Time a part of a nlmixr operation and add to nlmixr object
Examples
# \donttest{
one.cmt <- function() {
ini({
## You may label each parameter with a comment
tka <- 0.45 # Ka
tcl <- log(c(0, 2.7, 100)) # Log Cl
## This works with interactive models
## You may also label the preceding line with label("label text")

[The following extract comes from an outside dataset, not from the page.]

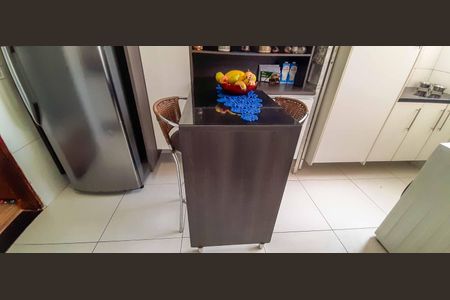 Apartamento à venda com 68m², 2 quartos e 2 vagasCozinha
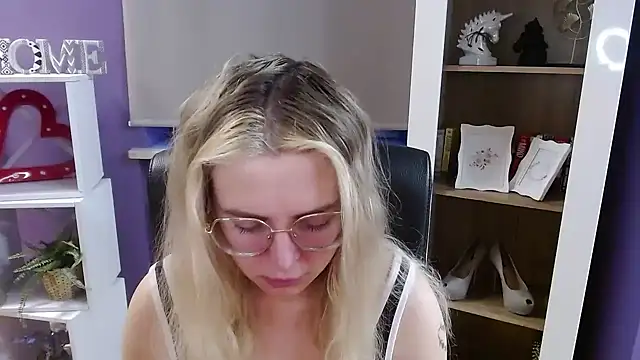 Zoey Erotic online show from February 20, 6:01 am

tv <- 3.45; label("log V")
## the label("Label name") works with all models
eta.ka ~ 0.6
eta.cl ~ 0.3
eta.v ~ 0.1
add.sd <- 0.7
})
model({
ka <- exp(tka + eta.ka)
cl <- exp(tcl + eta.cl)
v <- exp(tv + eta.v)
linCmt() ~ add(add.sd)
})
}
fit <- nlmixr(one.cmt, theo_sd, est="saem")
#>
#>
#>
#>
#> ℹ parameter labels from comments are typically ignored in non-interactive mode
#> ℹ Need to run with the source intact to parse comments
#>
#>
#> → loading into symengine environment...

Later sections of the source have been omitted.